Dorothy Spencer (née Sidney; later Smythe), Countess of Sunderland (5 October 1617 (baptised) – 5 February 1684), was the wife of Henry Spencer, 1st Earl of Sunderland, and the daughter of Robert Sidney, 2nd Earl of Leicester, and Lady Dorothy Percy.

Lady Dorothy Sidney (or Sydney) was celebrated not only for her beauty but for wit, charm and intelligence. In about 1635, she rejected a marriage proposal from the poet Edmund Waller, who addressed verses to her under the nickname "Sacharissa" (which he based on the Latin word sacharum, meaning "sugar").

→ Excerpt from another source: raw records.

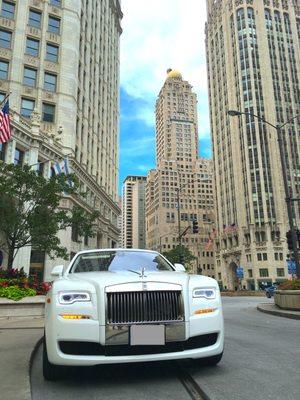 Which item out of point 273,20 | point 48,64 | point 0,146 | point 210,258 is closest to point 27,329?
point 0,146

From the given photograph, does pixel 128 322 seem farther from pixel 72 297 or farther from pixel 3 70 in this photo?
pixel 3 70

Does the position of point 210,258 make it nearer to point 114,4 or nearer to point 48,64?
point 114,4

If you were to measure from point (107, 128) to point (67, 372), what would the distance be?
56.7m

On 20 July 1639 at Penhurst, she married Henry Spencer. It seems to have been a love marriage and had her family's wholehearted approval: her father after her husband's death wrote that he thanked God for the part he had played in her happiness.Kenyon  p.1 In 1643, Spencer was created 1st Earl of Sunderland in recognition of his service to King Charles I in the English Civil War. Spencer was killed at the First Battle of Newbury, leaving Dorothy with two children, and pregnant with a third, who died young. Their children were:

 Lady Dorothy Spencer
 Robert Spencer, 2nd Earl of Sunderland
 Lady Penelope Spencer (c. 1642–1667), died unmarried.

The widowed countess lived at Brington, Northamptonshire, but eventually returned to Penshurst Place in Kent to live with her parents. In 1652 she remarried to Sir Robert Smythe of Bidborough, Kent, and had a second son, also named Robert.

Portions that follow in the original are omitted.